# How to correctly describe state preparation?

I came across a rather basic state-preperation description that I didn't fully understand. So far, I thought I got the basics of density matrices, but now I am confused. I hope you can help me finding out if I just misinterpret what's written or if there is indeed a problem in what I thought is true in QM.

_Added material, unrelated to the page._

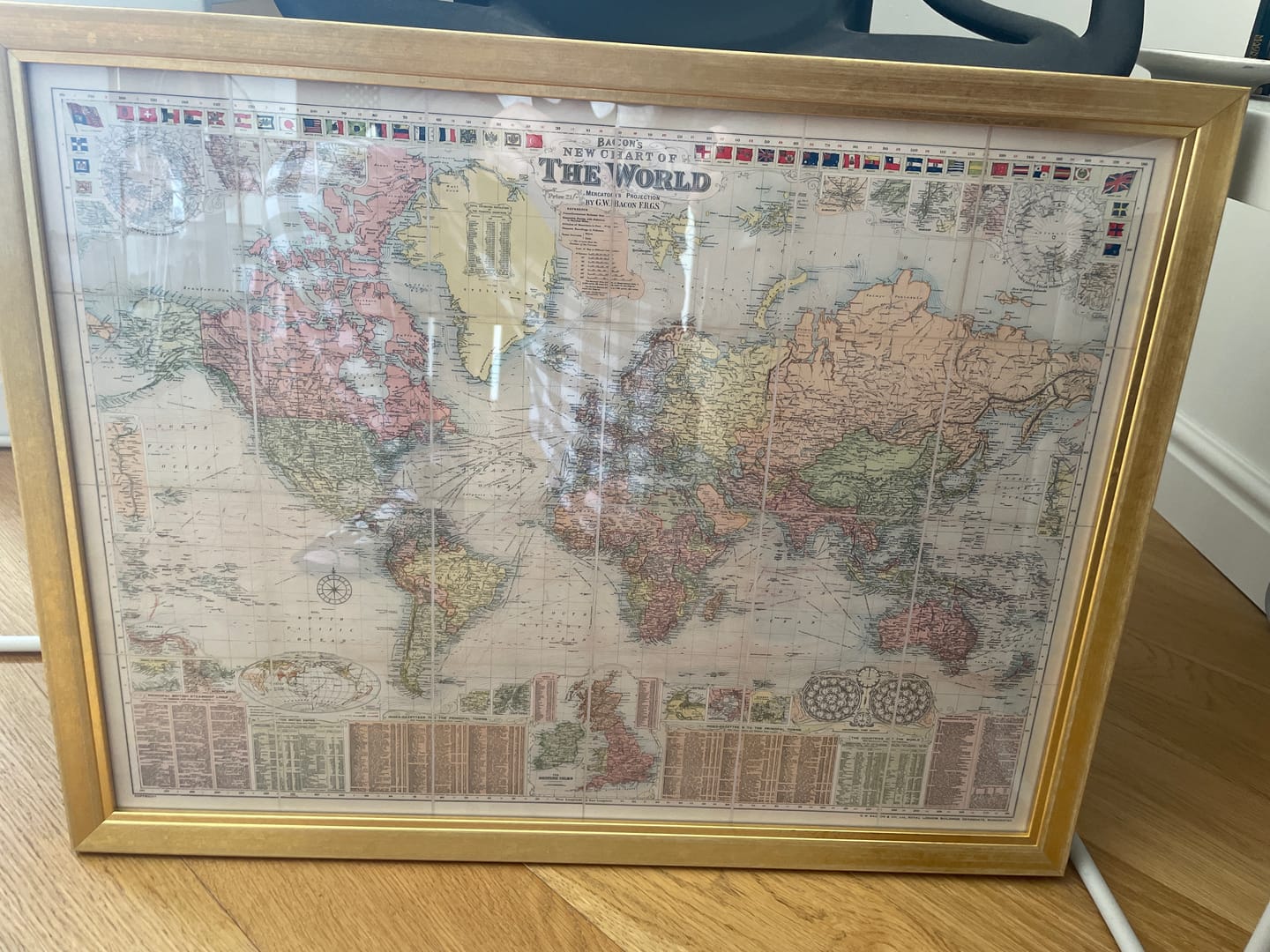 Customer photo review of Old World Map by Bacon, 1908 - Large Rare Atlas - Shipping Lanes, Merchant Navy, Railways, British Empire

The problem is motivated by the BB84 protocol in Quantum Communication, but the underlying question is even decoupled from that specific application. According to the protocol description of the prepare and measure variant of the protocol, Alice prepares one of the following states $$|\phi_1\rangle:=|H\rangle, |\phi_2\rangle:=|V\rangle, |\phi_3\rangle:=|D\rangle, |\phi_4\rangle:=|A\rangle$$ with equal probability and sends them to Bob, who performs measurements.

According to literature, the prepared state is $$|\Psi\rangle:= \frac{1}{2}\sum_{x=1}^{4} |x\rangle \otimes |\phi_x\rangle$$, consequently the density matrix of the prepared state $$\rho = |\Psi\rangle\langle\Psi| = \frac{1}{4}\sum_{x,y=1}^{4} |x\rangle\langle y|\otimes |\phi_x\rangle\langle\phi_y|$$.

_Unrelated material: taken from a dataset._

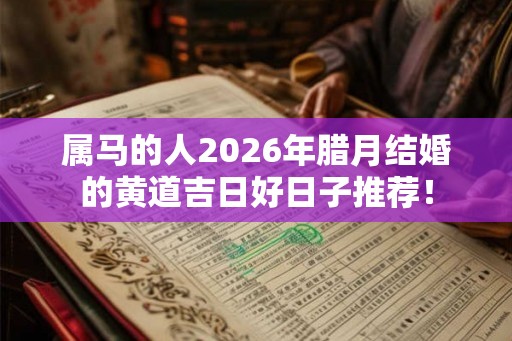 属马的人2026年腊月结婚的黄道吉日好日子推荐！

Why do we mix state vectors and not density matrices, i.e., $$\tilde{\rho} := \frac{1}{4}\sum_{x=1}^{4} |x\rangle\langle x| \otimes |\phi_x\rangle\langle\phi_x|$$, which, at least to me, sounds equally "valid"?

What determines if I first take the sum and then build the density matrix of the obtained state or if I can first stick bra and ket together and then sum over it, seeing it as a classical mixture of quantum states? At the moment, both seem to be somehow valid processes, with drastically different results, of course.

What am I missing?

• Good catch - you are absolutely correct that these correspond to different preparations. If one flips two classical coins to choose what state to prepare, you get the classical mixture. If you prepare a superposition of four states, then you get the $|\Psi\rangle\langle \Psi|$. Oct 6, 2023 at 18:00
• Thanks for your answer @QuantumMechanic ! Ok, and what is it that is actually happening/being prepared in prepare&measure BB84? On the one hand, what is happening sounds like "flipping a quantum coin (i.e., generating true random numbers) and preparing the mixture. On the other hand, it feels like this cannot be what we need to obtain quantum correlations, i.e., we actually prepare a superposition of four states (at least that is what it looks like for an observer from outside). Oct 7, 2023 at 17:19
• For BB84 classical randomness is sufficient. Or better yet, Alice might send a string of bits with no randomness, but then the average state of any of those photons chosen at random will be a mixed state Oct 7, 2023 at 22:00

If you had asked me to write down the density matrix of what's going on, I would probably have written down the $$\tilde\rho$$ that you did.